Actors delve into ugly truths in dramatic ‘Lie of the Mind’

By Claire Buchanan

The School of Theatre and Dance actors shed light on abusive relationships in Sam Shepard’s “A Lie of the Mind.”

Eight cast members and a four-piece band share the story of two families who are united by an abusive marriage. Anger and sadness intertwine after the character Beth suffers brain damage at the hands of her abusive husband, Jake, who has a dark secret to hide.

“I have actors and band members who love this story,” said director Kendra Holton. “And they love to tell it as painful and ugly as it is. It’s really rewarding, to tell the truth.”
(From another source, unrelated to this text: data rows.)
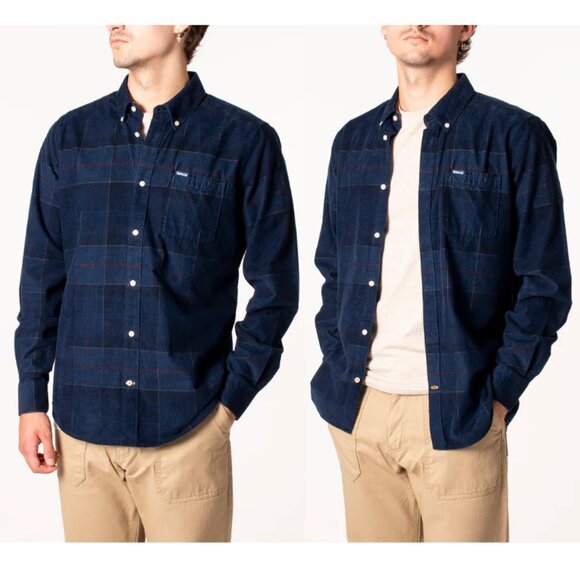 NWT BARBOUR Men's Blair Tailored Shirt Corduroy in Navy Midnight Tartan Size M - Picture 3 of 15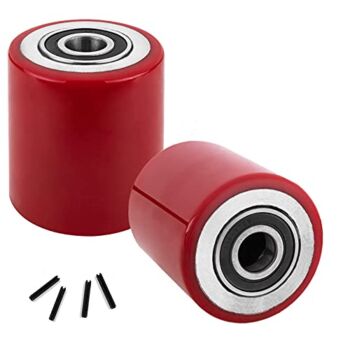 Pallet Jack/Truck Load Wheels Set (2 pcs) 3″ x 3.75″ with Bearings ID 20mm Poly Tread Red – A Pair (Red) | The Storepaperoomates Retail Market - Fast Affordable Shopping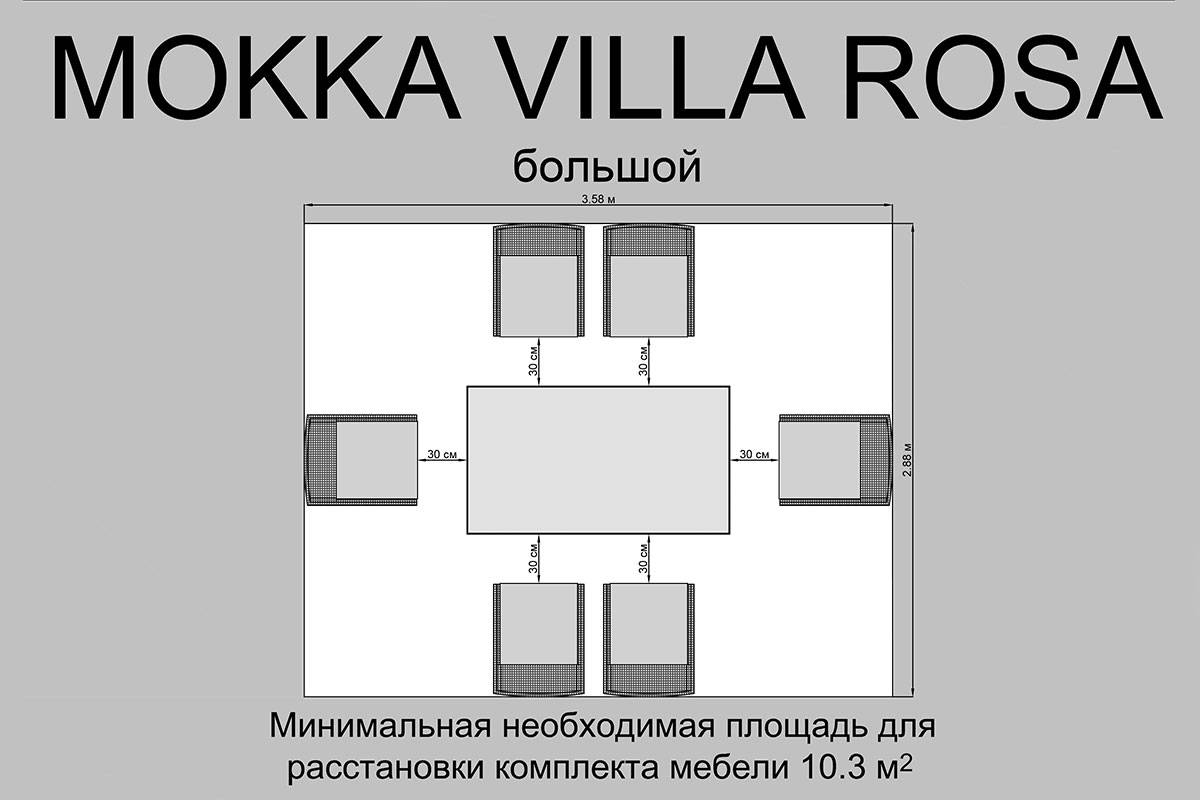 Комплект мебели из искусственного ротанга MOKKA ВИЛЛА РОСА (VILLA ROSA) 6 кресел + 6 подушек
“A Lie of the Mind’s” stage design includes couches and a bed; however, through lighting tricks, lighting designer Theresa Kelly transforms the stage into the homes of two families.
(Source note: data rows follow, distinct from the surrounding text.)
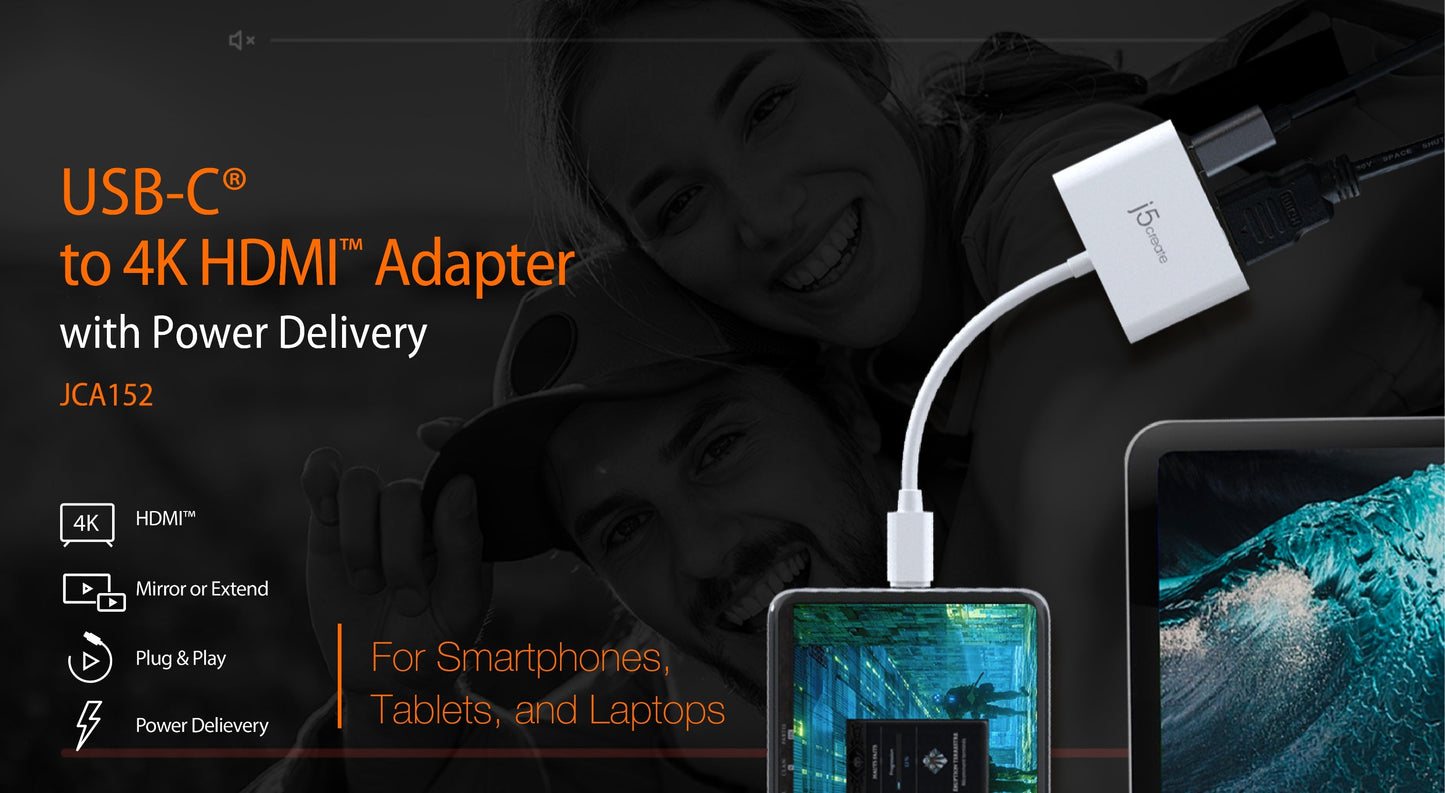 J5create USB-C to 4K HDMI Adapter with Power Delivery - JCA152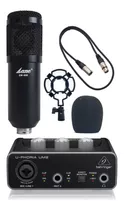 Placa De Sonido Behringer Um2 + Mic Condenser + Cable Xlr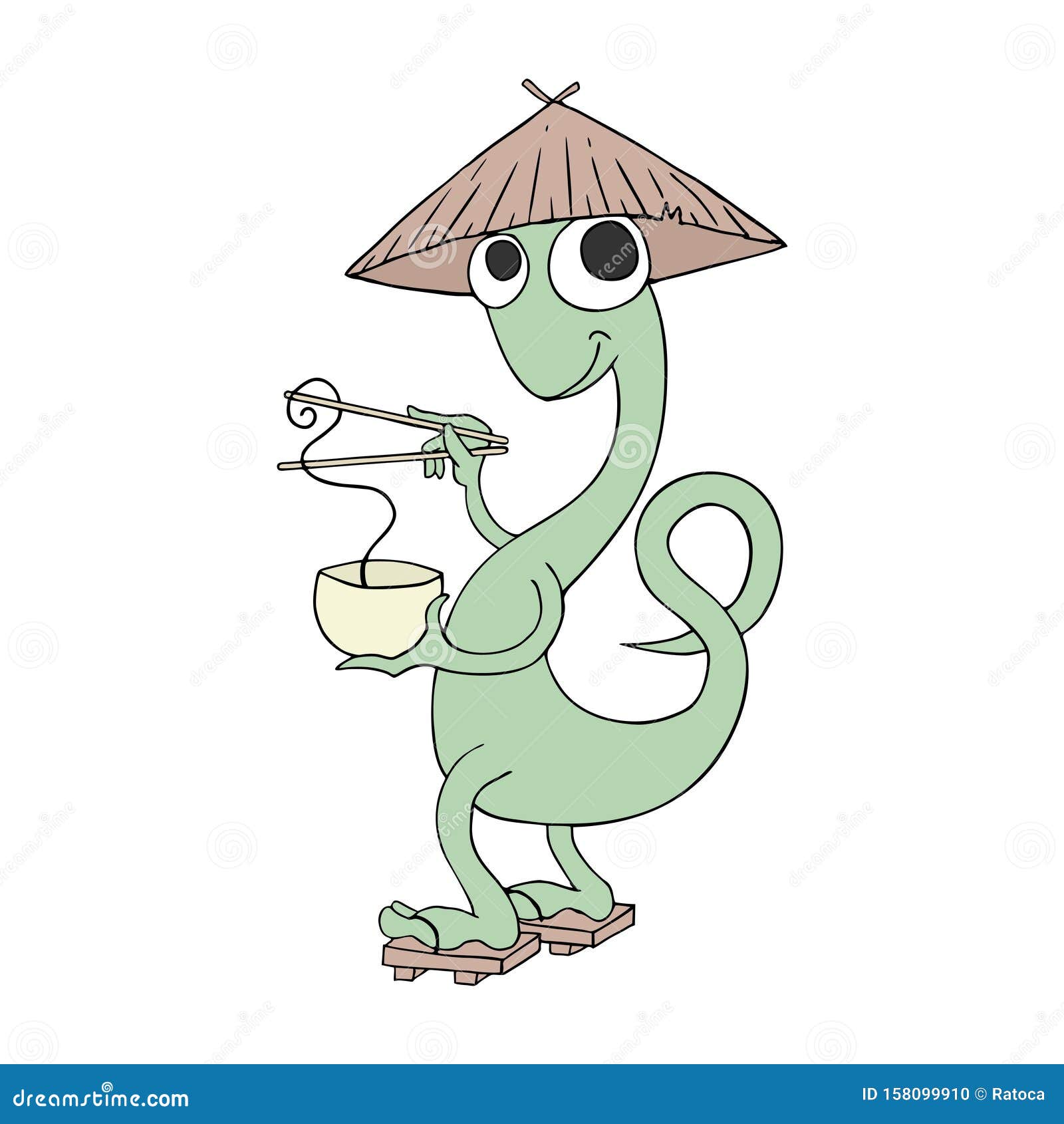 Funny Lizard Eating Noodless Stock Vector - Illustration of bowl, drawing: 158099910 Funny Lizard Eating Noodless Stock Vector - Illustration of bowl, drawing: 158099910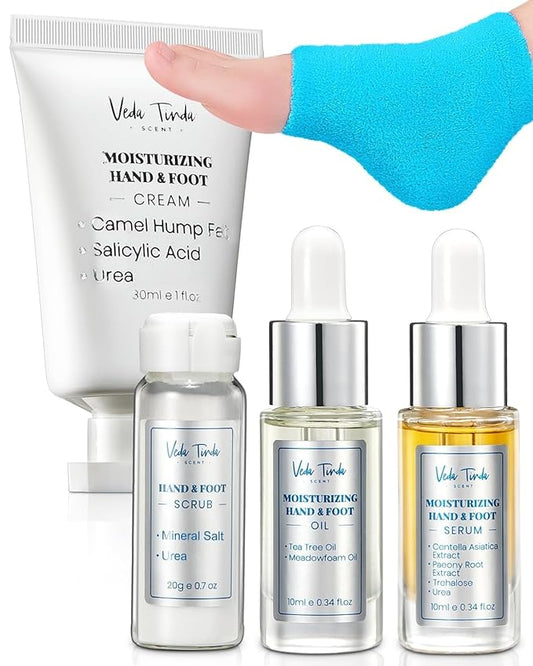 VTS Self Care Kit - Includes Moisturizing Heel Socks, Hand & Foot Oil, Salt Scrubs, Serum, Urea Cream 40 Percent - Hand Care Set, Foot Pedicure Kit for Dry Cracked Heels Feet Knees Elbows Hands-BrightBean Baby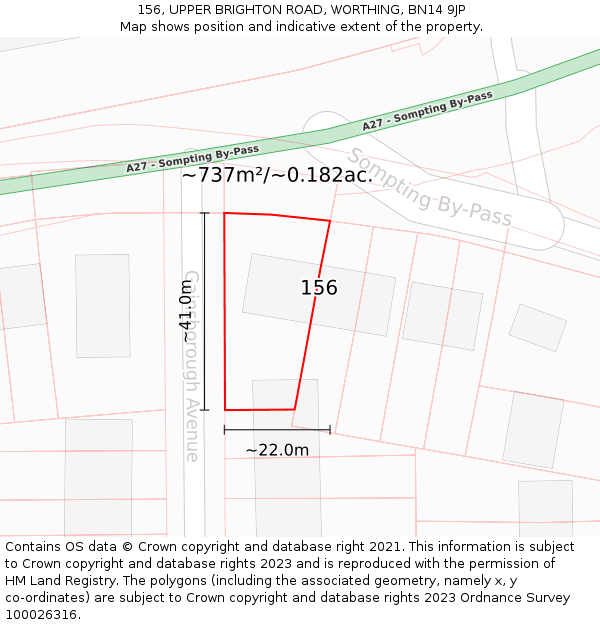 156, UPPER BRIGHTON ROAD, WORTHING, BN14 9JP: Plot and title map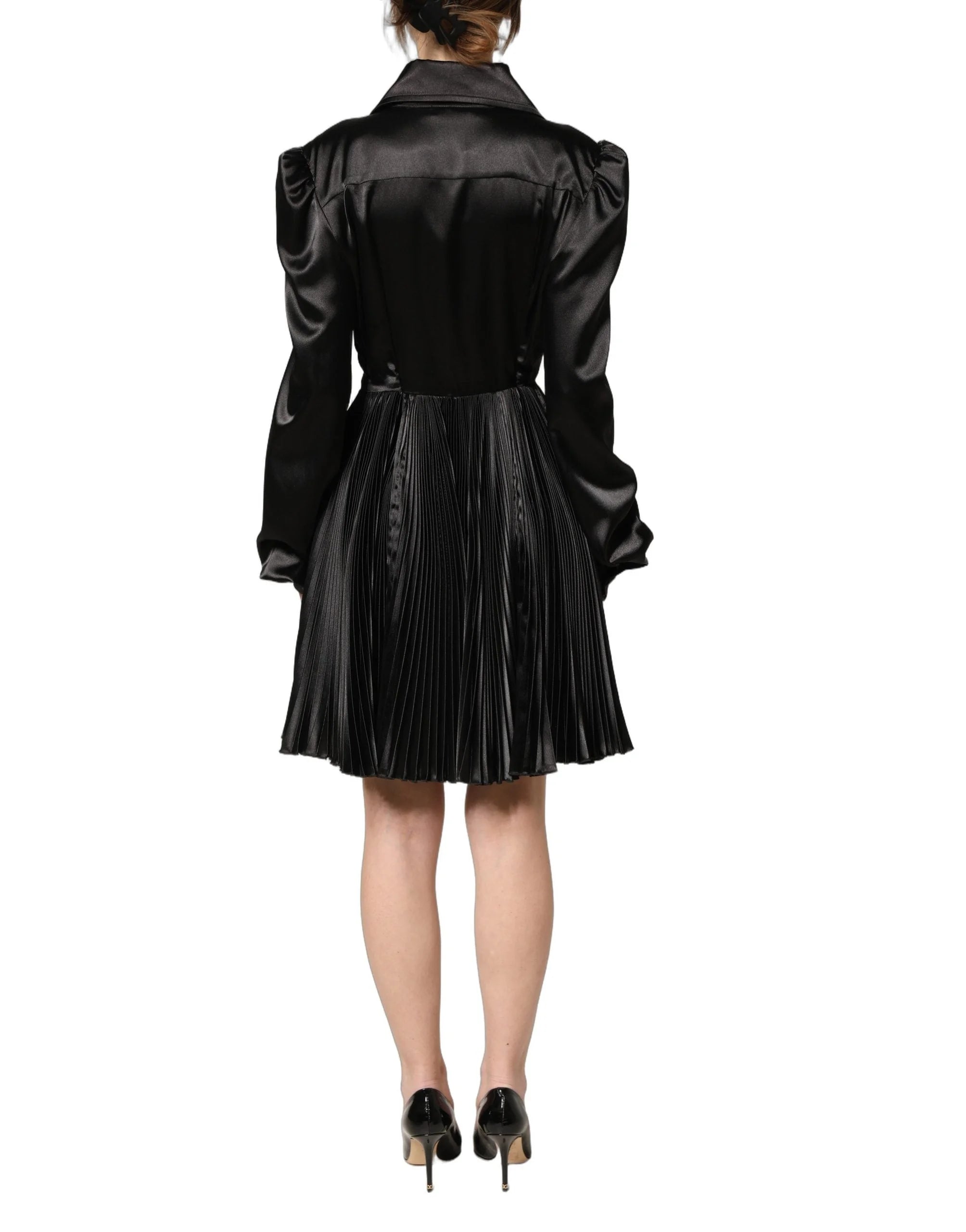 Dolce & Gabbana Black Satin Long Puff Sleeves Pleated Dress - IT40|S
The families, who are at odds but united by a shared dysfunction, have opposing views on Jake’s abuse of Beth. Jake’s mother defends her son while Beth’s brother, Mike, feels vengeful for what Jake has done.

“I think people are going to be a little disturbed because there’s a lot of dysfunction,” said Emily Rieder, a graduate acting student who plays Beth. “But, I also think that people will feel a strong empathy towards the characters, as well.”

Shepard’s characters are not one-sided but are rather complex and realistic, said Matt Romriell, a graduate acting student who plays Jake.

“At the same time as Jake has done this horrible thing, you still see him as a human being,” Romriell said. “That’s my hope — that you’ll see him as a human. Maybe people will relate to the story in ways that make them uncomfortable.”

Don’t be surprised if the actors get close: The action of the play is not limited to the stage as actors walk along the aisles.